Privacy Laws and Your Business Activities Online
What is personal information?
Personal information is typically defined as information that can identify an individual or a household. The definition varies by each law and regulation, but it typically includes name, address, zip code, email address, and types of information like healthcare data, financial records, banking and credit card numbers, and credit information. Each law may define personal information slightly different.
What privacy laws may impact my business?
There are a variety of federal, state, and international laws around privacy and protection of personal information. Since the passage of the California Consumer Privacy Act in 2018, state legislatures have been introducing privacy bills on a regular basis each session. At any time, there may be 10 to 20 privacy bills being considered in states across the U.S. Here are a few of the privacy laws that may impact your business.

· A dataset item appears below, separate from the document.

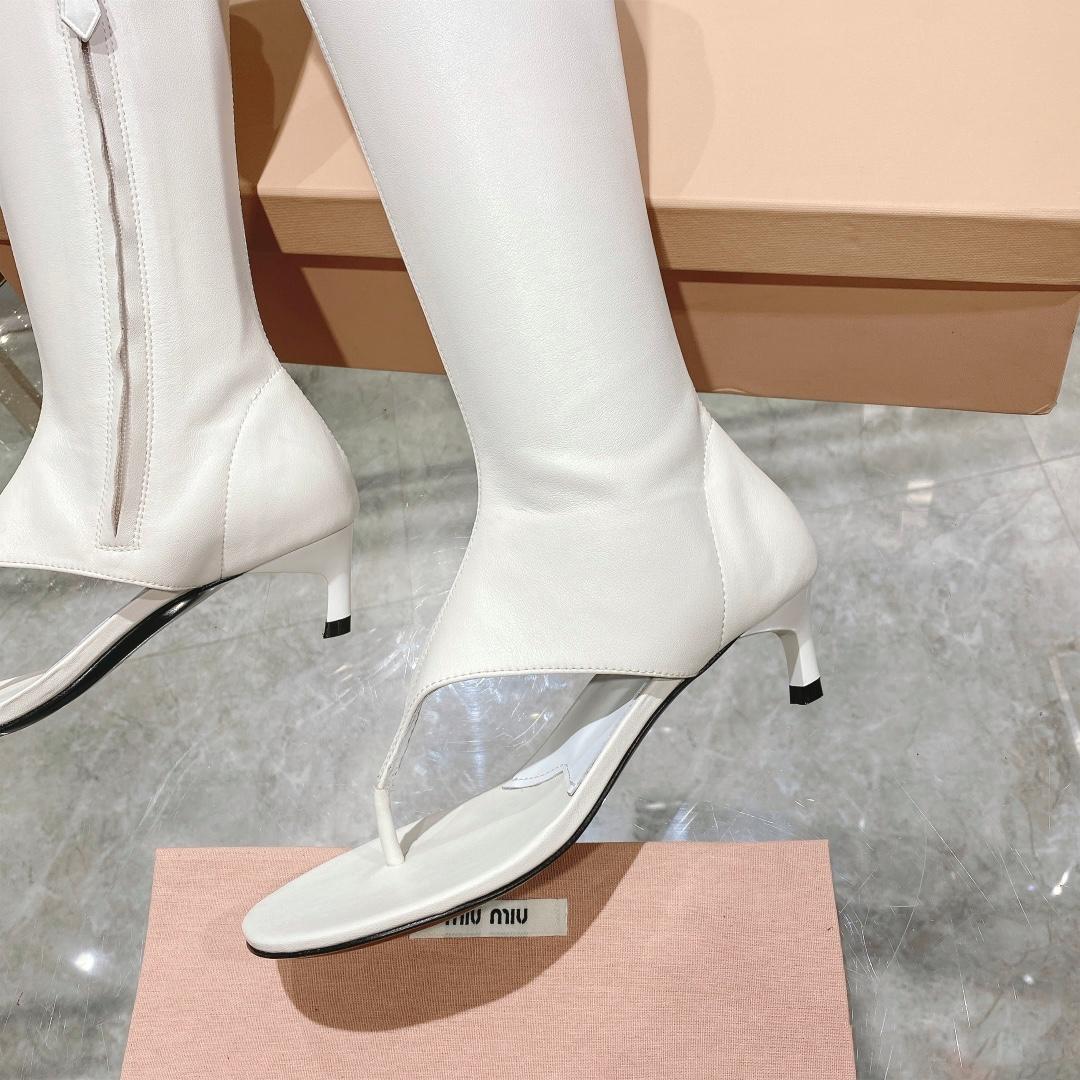 Miu Miu Stretch Nappa Leather Thong Boots - DesignerGu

Gramm–Leach–Bliley Act (GLBA)— Protects financial information
Health Insurance Portability and Accountability Act (HIPAA) / Health Information Technology for Economic and Clinical Health Act (HITECH) — Protects personal health information
Children’s Online Privacy Protection Act (COPPA) — Protects children’s privacy
Family Educational Rights and Privacy Act (FERPA) — Protects students’ personal information
Fair Credit Reporting Act (FCRA) — Governs the collection and use of consumer information
California Consumer Privacy Act (CCPA) and California Privacy Rights Act (CPRA)— Protect privacy rights for residents of California
Colorado Privacy Act (expected to be signed into law soon) — Protect privacy rights for residents of California
The New York SHIELD Act — Protects personal and private information of residents of the state of New York
Standards for the Protection of Personal Information of Residents of the Commonwealth of Massachusetts - Establishes minimum standards to be met in connection with the safeguarding of personal information of residents of the state of Massachusetts contained in both paper and electronic records
Nevada Consumer Privacy Act — Protects personal and private information of residents of the state of Nevada collected online
Virginia Consumer Data Protection Act — Protects personal and private information of residents of the state of Virginia collected online
General Data Protection Regulation (GDPR) — A European Union (EU) law that outlines data protection and privacy regulations for personal information of people living in the EU and the European Economic Area (EAA). It also addresses the transfer of personal data outside the EU and EEA area.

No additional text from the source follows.